> Aim of the task
Reproduce the records below exactly; the images should not appear.

Start of Data records

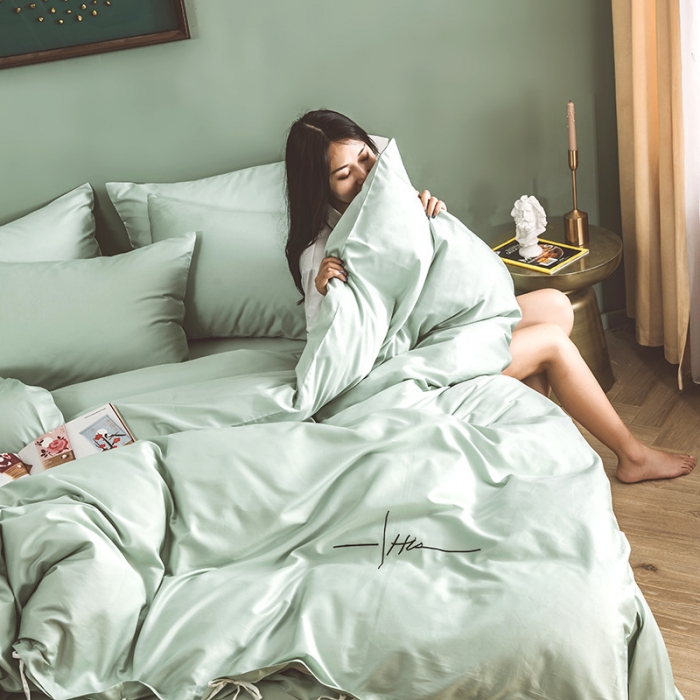 91家纺网 家纺一手货源 找家纺 狠狠爱 60支长绒棉绣花摩登系列套件 薄荷绿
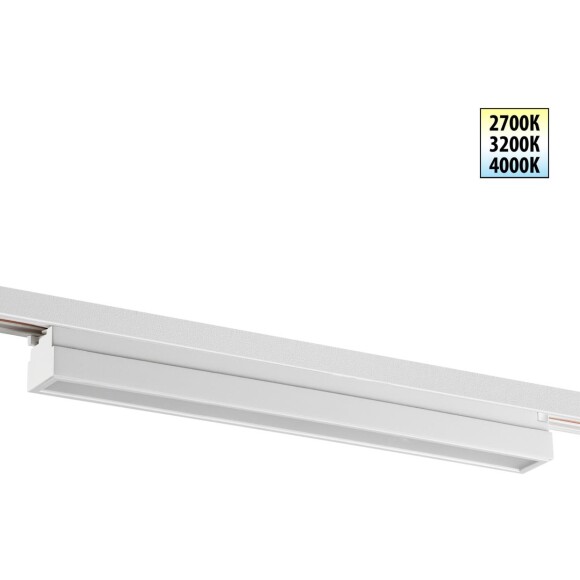 Novotech ITER 359786 Белый линейный однофазный двухжильный трековый светильник, 40см, с CCT переключением цветовой температуры, LED 24Вт 1294Лм CRI≥90 108° 2700-3200-4000К IP20 220V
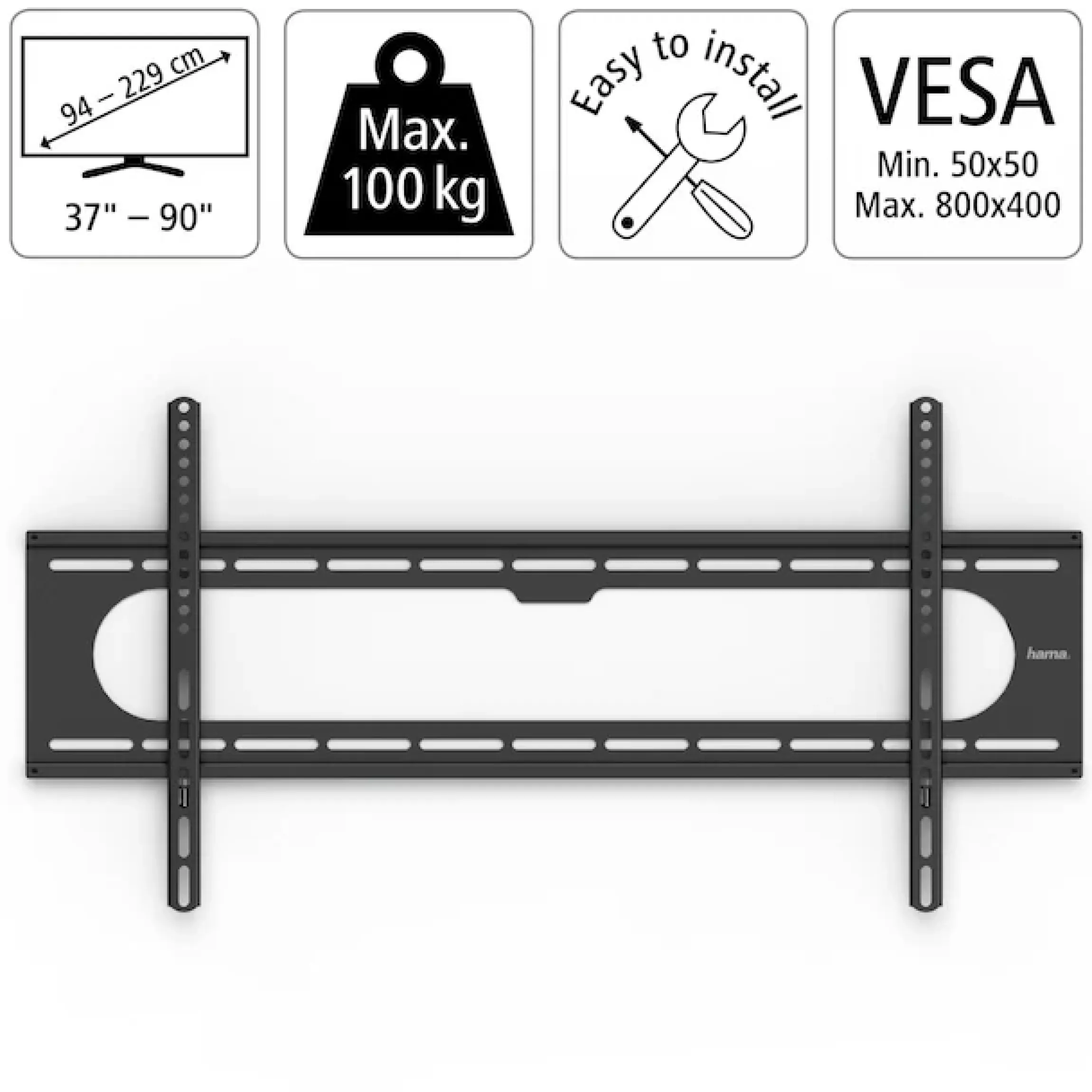 Hama TV-Wandhalterung »Fernsehhalterung Starr, 94 cm bis229 cm (37 bis 90 Zoll)« bis 229 cm Zoll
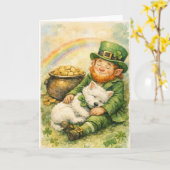 Zoete St. Patrick's Day Westie & Leprechaun Kaart (Gele Bloem)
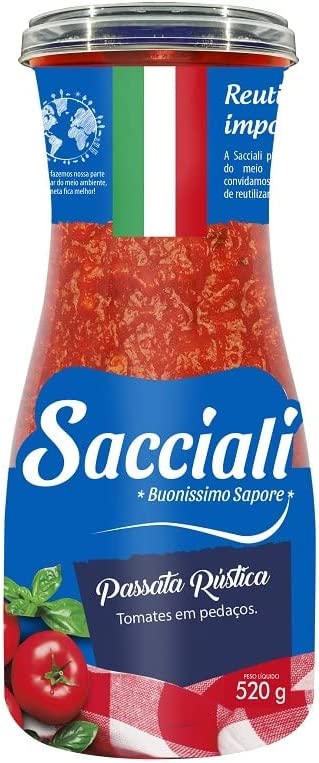 Passata de Tomate Sacciali Rústica Vidro 520g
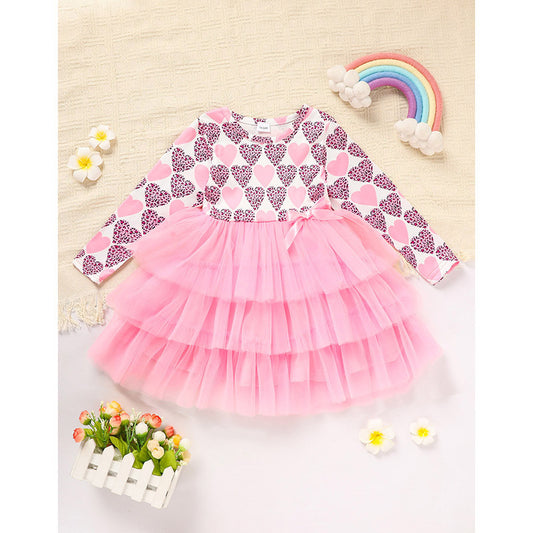 Toddler Girl Long Sleeve Heart Tulle Dress – Valentine & Birthday Party Outfit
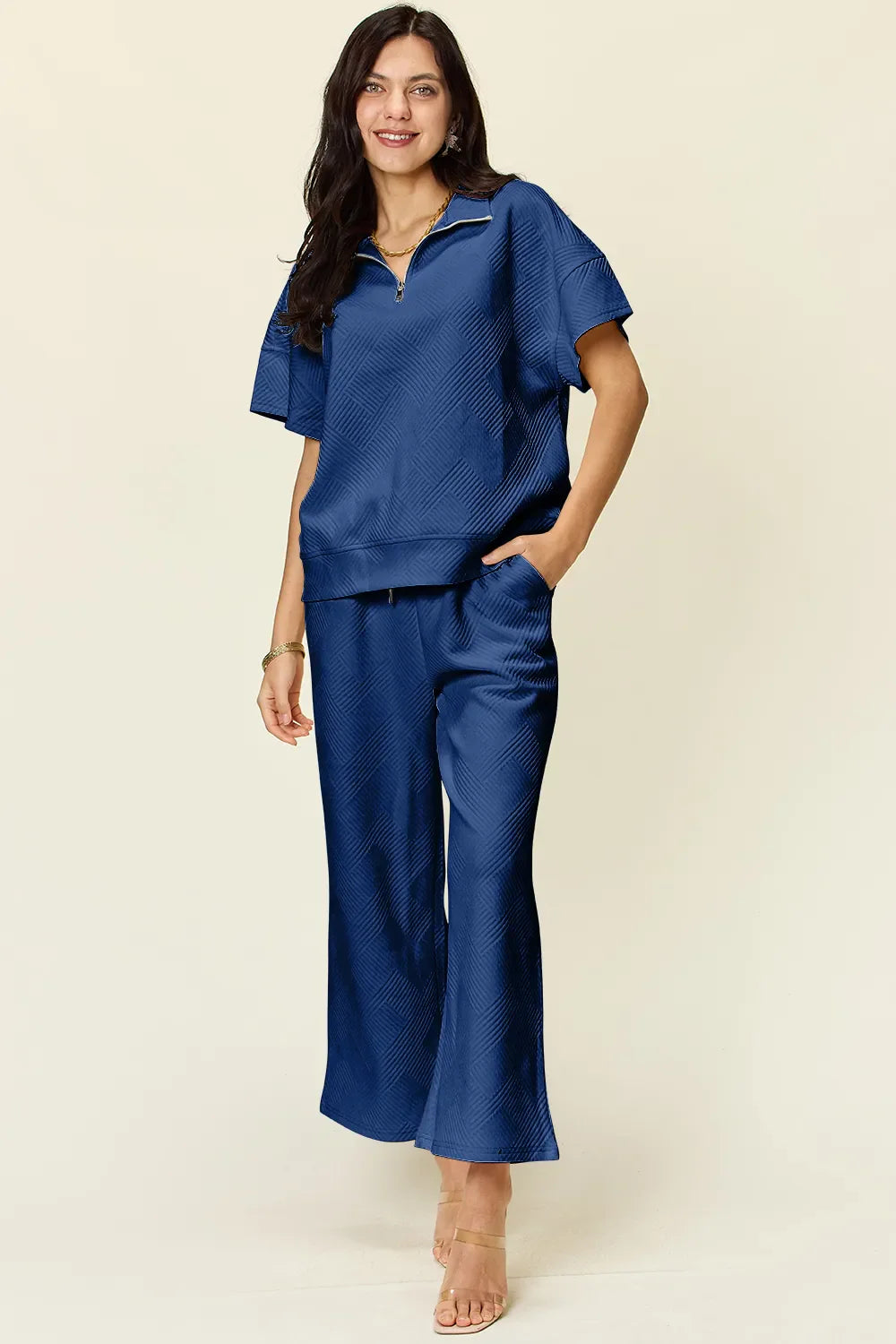 I am a Fashion Junky Full Size Texture Half Zip Short Sleeve Top and Pants Set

End of Data records

> Reply
 91家纺网 家纺一手货源 找家纺 狠狠爱 60支长绒棉绣花摩登系列套件 薄荷绿
 Novotech ITER 359786 Белый линейный однофазный двухжильный трековый светильник, 40см, с CCT переключением цветовой температуры, LED 24Вт 1294Лм CRI≥90 108° 2700-3200-4000К IP20 220V
 Hama TV-Wandhalterung »Fernsehhalterung Starr, 94 cm bis229 cm (37 bis 90 Zoll)« bis 229 cm Zoll
 Zoete St. Patrick's Day Westie & Leprechaun Kaart (Gele Bloem)
 Passata de Tomate Sacciali Rústica Vidro 520g
 Toddler Girl Long Sleeve Heart Tulle Dress – Valentine & Birthday Party Outfit
 I am a Fashion Junky Full Size Texture Half Zip Short Sleeve Top and Pants Set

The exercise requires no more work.